What This May Look Like in Practice

The strategy pillars above align ESDS work. The use cases below illustrate the range of problems AI can help us solve in concrete terms. This is not intended as a complete list, as the Innovation Call is explicitly designed to surface more.

Production

  • AI-powered pipeline segments for computationally expensive processing steps, with ESDS owning reliability and the mission science team owning scientific validation.
  • Mission data and metadata development: AI-assisted compliance, richness, and AI-readiness built into a mission's data product lifecycle from the start.

Infrastructure

  • Open, machine-readable interfaces that position NASA data as a native participant in external AI ecosystems: the archive is reachable directly from the AI tools researchers already use.
  • Intelligent user support triage so staff spend time on genuinely novel problems and science enablement rather than repeated common questions.

Access

  • Dataset matchmaking delivered through external AI assistants: the right combination of primary, ancillary, and model data surfaced when a researcher describes their science question.
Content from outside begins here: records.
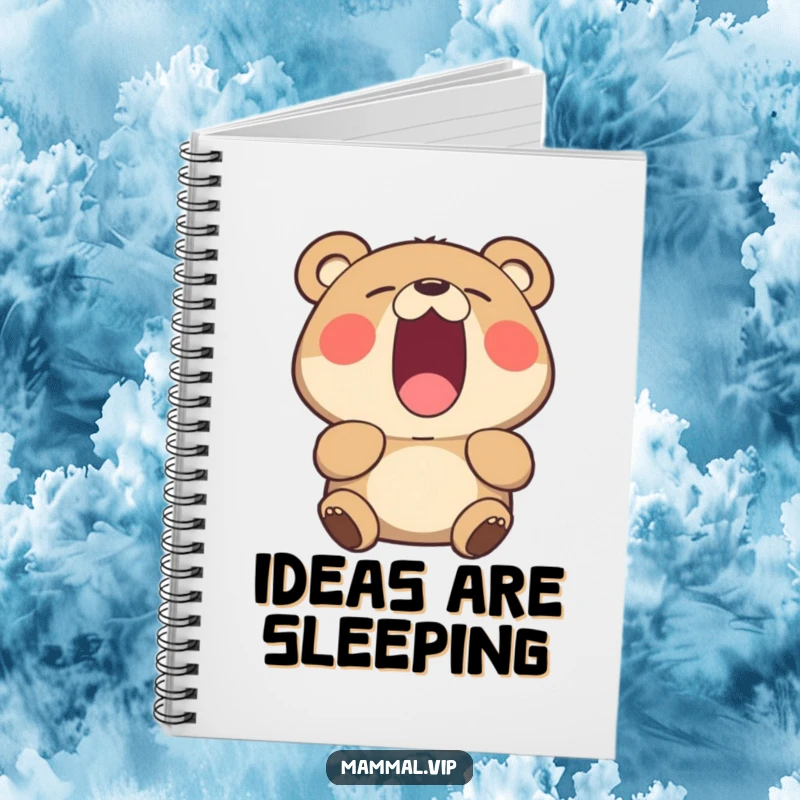 Funny yawning bear notebook, a journal featuring a sleepy yawning bear, perfect for jotting down thoughts.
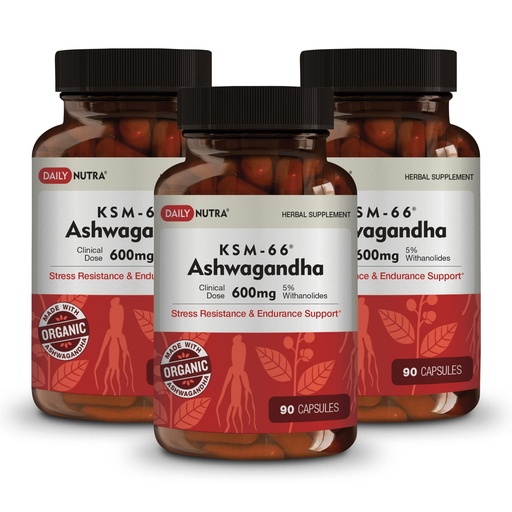 [BRSWKFQHOAHAKYI5] DailyNutra KSM-66 Ashwagandha 600mg Organic Root Extract - High Potency Supplement with 5% Withanolides | Supports Relaxation, Focus, & Energy (270 Capsules)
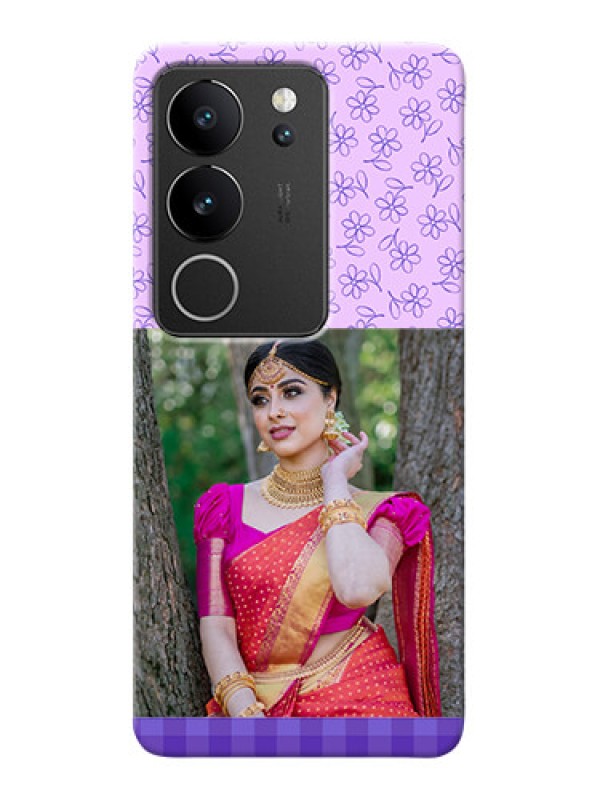 Custom Vivo V29 Pro 5G Mobile Cases: Purple Floral Design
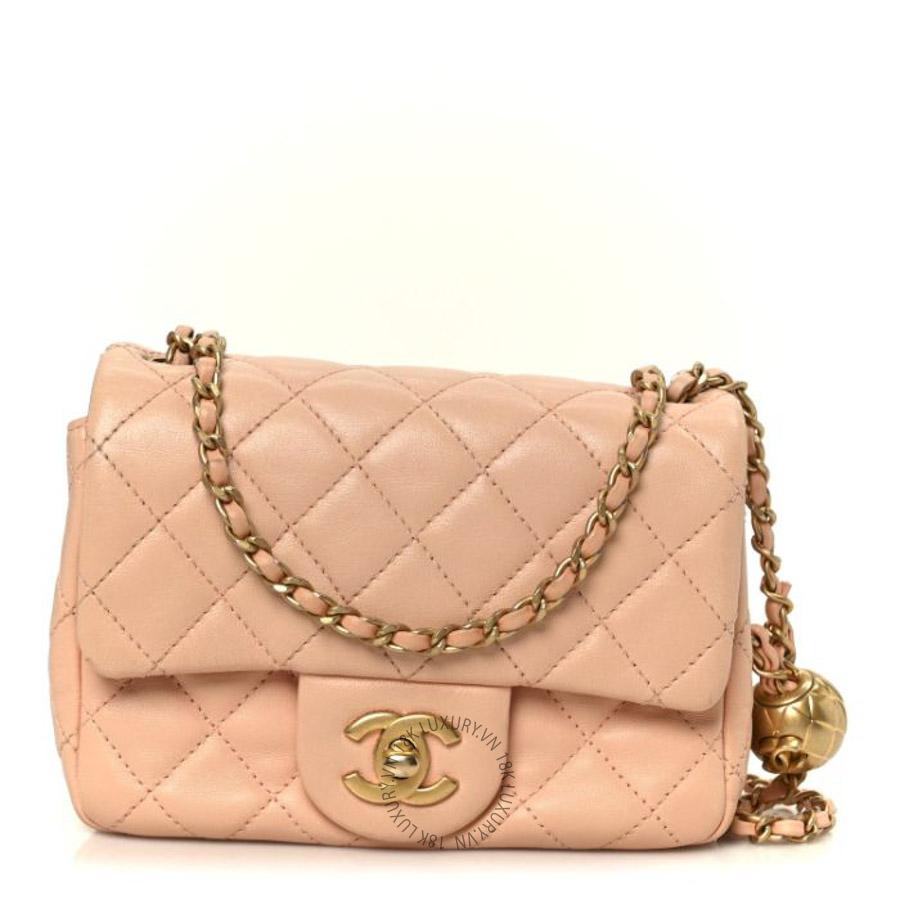 Túi Xách Đeo Chéo Mini Chanel Lambskin Quilted Mini Pearl Crush Flap Light Orange CVB191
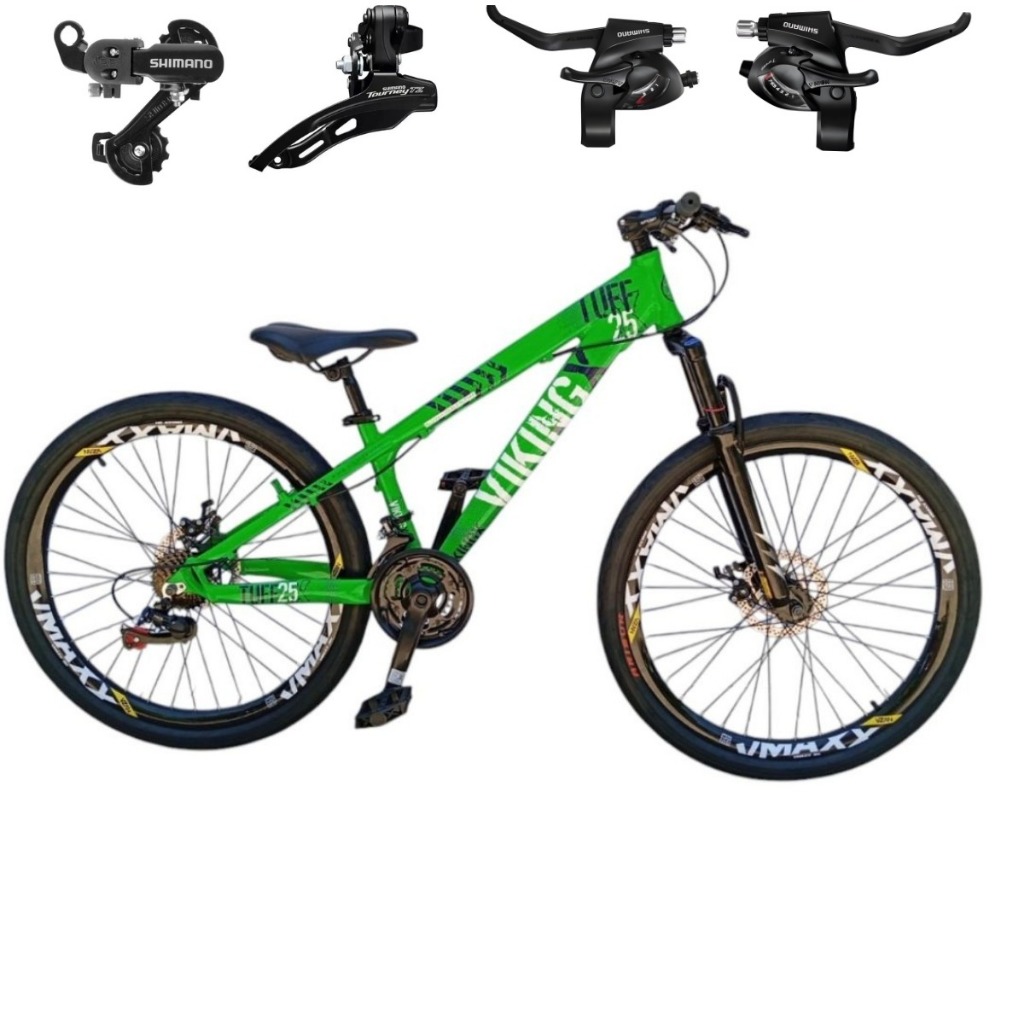 Bicicleta Viking A-26 Tuff 25 Shimano 21V Freio a Disco Mecânico Suspensão Dianteira MTB Urbana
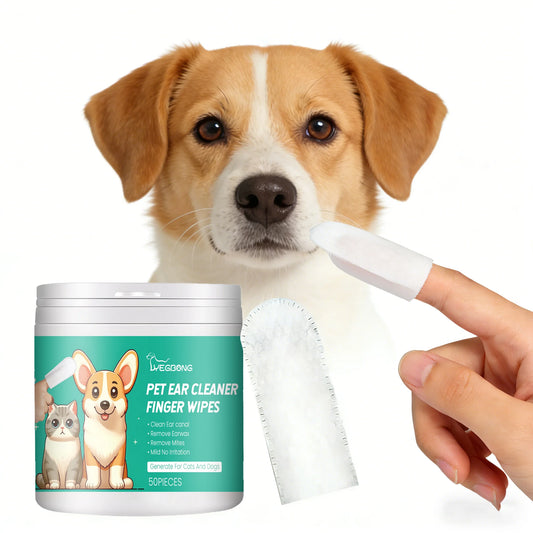 50PCS Pet Multipurpose Cleaner Finger Wipes Gentle Remove Ear Mite Cleaning Paw Stains Remove Eyes Dirts Deodorizing Pet Cleaner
No NASA portal is required.
  • Semantic discovery capability exposed as a service, enabling AI agents to understand science intent and retrieve relevant datasets on a researcher's behalf.

Analysis

  • Earth science notebook extension embedded in JupyterLab, with knowledge of NASA data formats and common scientific Python tools.
  • Reproducibility scaffolding that auto-generates provenance records and methods section drafts from analytical sessions.

Operational Intelligence

  • Collection health monitoring: a continuous AI watch over archive holdings for anomalies, gaps, and quality signals before users encounter them.
  • Operational performance metrics: AI-assisted analysis of system behavior trends to inform infrastructure and pipeline investment decisions.